Comment 8 David Carlisle 2005-09-06 14:44:58 UTC

As a possibly only marginally related comment,
why is it that a basic XSLT processor only supports a subset of the built in
types? In many other respects a basic xslt processor corresponds strongly to an
xquery processor that does not support the optional static typing or schema
import features, but xquery specifies all built in types must be supported in
this case.

David

Comment 9 Michael Kay 2005-09-06 15:07:19 UTC

We made the decision not to support these types in Basic XSLT because in the
absence of schemas, they offer very little useful functionality, but add a lot
to the amount of code that an implementor has to write, and to the thickness of
the manual. We were keen to keep the bar for implementors as low as we could.

Michael Kay

Comment 10 Frans Englich 2005-09-07 13:10:09 UTC

     
(I jump in with humble opinions and questions about Michael's proposed     
solution.)     
     
While Michael's solution may "ensure that the returned NCName can be used as a    
string"(I can't comment on that), I think there's another problem, that the  
type annotation is different, simply. From what I can tell, the proposed  
solution would result in that code introspecting the type annotation of the 
return value -- such as in a filter expression -- would behave differently 
depending on if it was executed on a basic of schema-aware 
implementation(unless the code catered for it). I think my point is 
theoretically correct, but I'm not sure how large the impact is in practice, it 
cannot occur at all perhaps(one cannot specify xs:NCName in basic).  
  
An in my opinion important aspect with XPath 2.0 is that there's a type system,  
and that means one can rely on that and deal with "types". However, to me it  
looks like the proposed solution makes an exception to this, that even though  
the function signature in F&O says "this function returns type Foo" it  
"sometimes" does not hold true. 
  
I find it natural that this dilemma occur. XSL-T Basic requires F&O, F&O  
requires xs:NCName, but XSL-T Basic does not have xs:NCName. When not using a  
solution similar to Michael's, two alternatives exists: removing/changing the  
functions that requires xs:NCName, or to add the type(s) to XSL-T Basic.  
Assuming the latter is ruled out, how does the discussion concerning the former  
sound? What are the disadvantages of changing the return type to xs:string?  
Why(if) is it not an option, and how does it compare to the proposed solution?  
  
The problem I see with the proposed solution is that it adds complexity and  
exceptions. Hence, I would find it interesting to look at a solution that is  
built upon the existing mechanisms.  
  
(A loose thought that springs to mind is to somehow allow basic processor to  
support derived primitive types, but it introduces well-known problems and also  
introduces what I identify as a problem.)  
  
  
Cheers,  
Frans

Comment 11 Colin Adams 2005-09-07 14:54:28 UTC

After reading the last two comments from Michael and Frans, I thought about how
I'd go about implementing Michael's suggested solution for my own product.
Here, the XPath library is totally independent of the XSLT library (dependencies
are all the other way), but it does know if it is being called by a Basic-level
XSLT processor or not.
So I think I will simply return an xs:string in this case, and an xs:NCName in
all other cases. This seems to be a practical solution, as a use will not be
able to tell the difference between this and Michael's proposed solution of
knowing that xs:NCName is derived from xs:string.
I think Frans' point about the type annotation is interesting though - if the
output from a transformation in Basic XSLT mode is used as the input to another
transformation, without serialization, then the type annotation for a text
generated by such a function cannot be either xs:string or xs:NCName, as that
would violate the requirements for a Basic-level XSLT processor.
I'm just thinking off the top of my head now, so I'm not sure if my last
sentence is relevant to anything at all or not.

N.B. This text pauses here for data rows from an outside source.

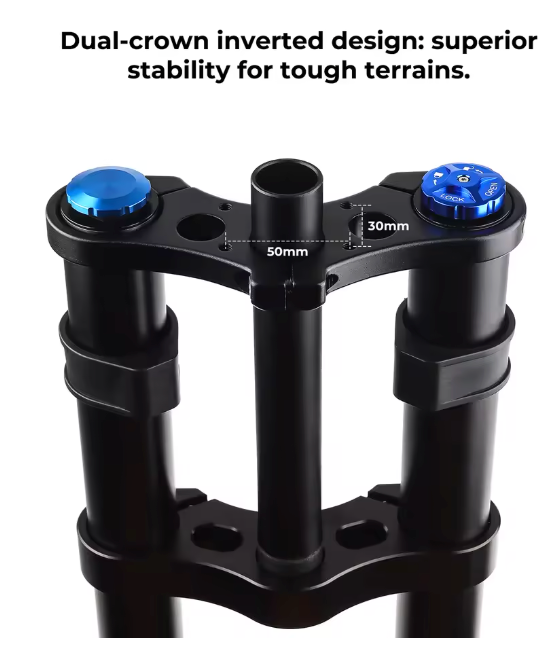Dual Crown DH Forks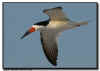Northern Skimmer in Flight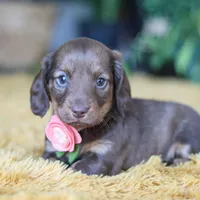Bagel, a female Miniature Dachshund for sale in Dundee, OH – Photo 3 of 9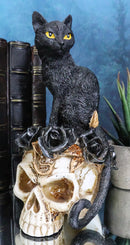 Gothic Black Feline Cat Sitting On Rose Vampire Skull Grimalkin's Ghost Figurine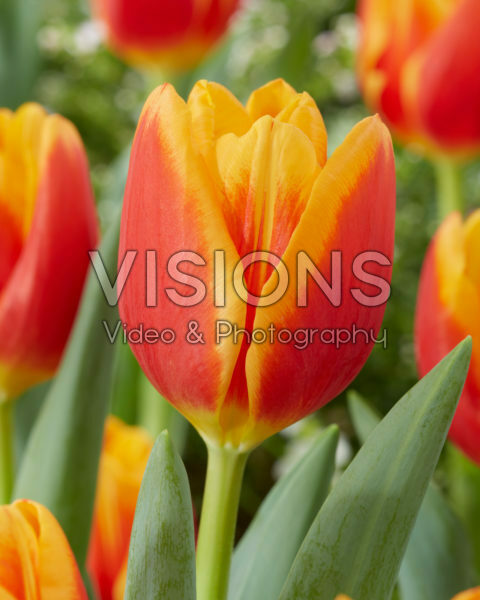 Tulipa Carpe Diem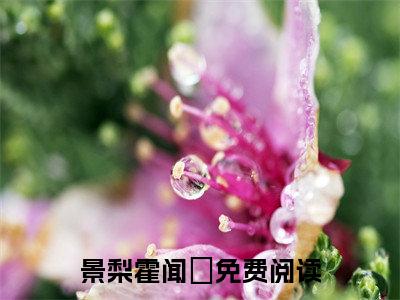 景梨霍闻璟在线全文免费阅读景梨霍闻璟是主角的小说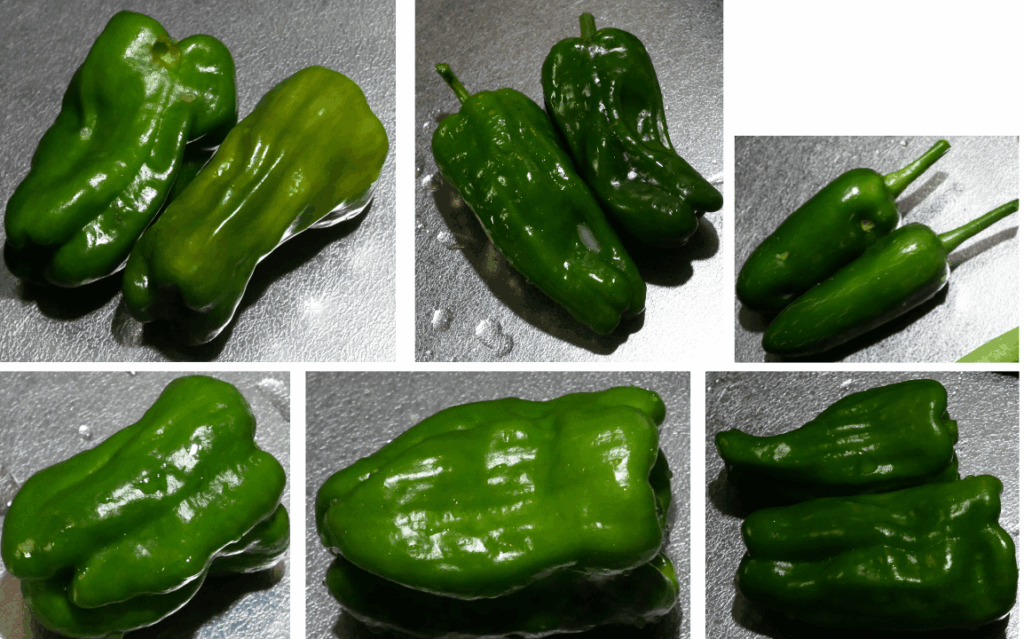 green-pepper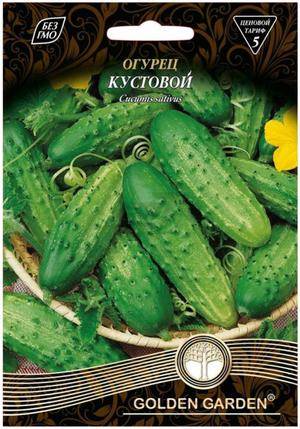Кустовой огурец — правила выращивания самых популярных сортов и особенности посадки в открытый грунт (120 фото)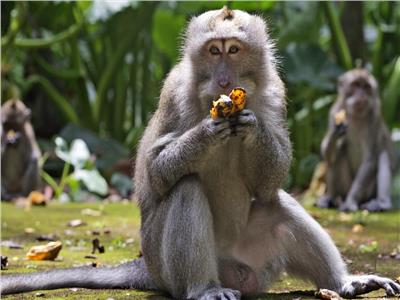 القرود تهجم على منازل القرويين في بالي بحثًا عن الطعام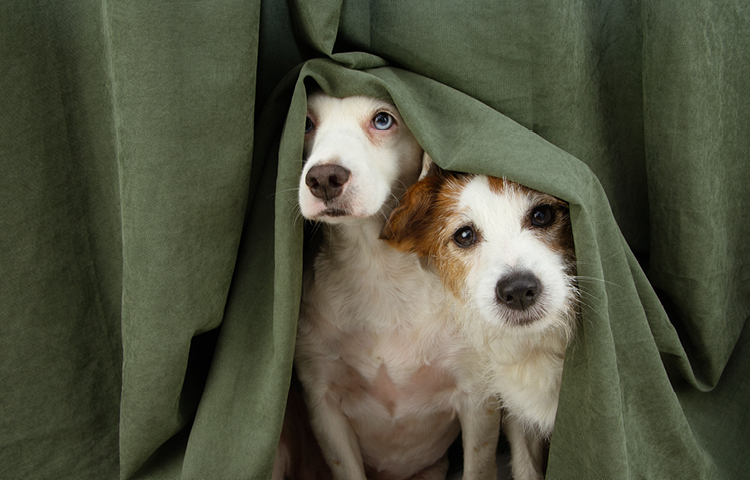 Two small dogs sitting close together under a green blanket, peeking out with curious expressions.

Comment 12 Michael Kay 2005-09-29 10:49:43 UTC

The Working Groups reviewed this carefully.

Essentially the groups agreed that the solution outlined in my comment #3 works.

Let's reiterate. XPath says:

 "An unknown schema type might be encountered, for example, if a source document
has been validated using a schema that was not imported into the static context.
In this case, an implementation is allowed (but is not required) to provide an
implementation-dependent mechanism for determining whether the unknown schema
type is derived from the expected schema type."

The example here isn't relevant, but the basic situation is the same: there's a
type encountered at run-time (in this case, the type xs:NCName) that isn't in
the static context. In this situation we allow implementations to have some kind
of mechanism for knowing that the "undeclared" type (xs:NCName) is in fact a
subtype of a "declared" type (in this case xs:string); if it has this knowledge
then it can safely treat this value as a string.

Note that this rule is carefully designed to preserve type safety. The
implementation can use any mechanism it likes to "know" that xs:NCName is
derived from xs:string, but its deduction must be correct.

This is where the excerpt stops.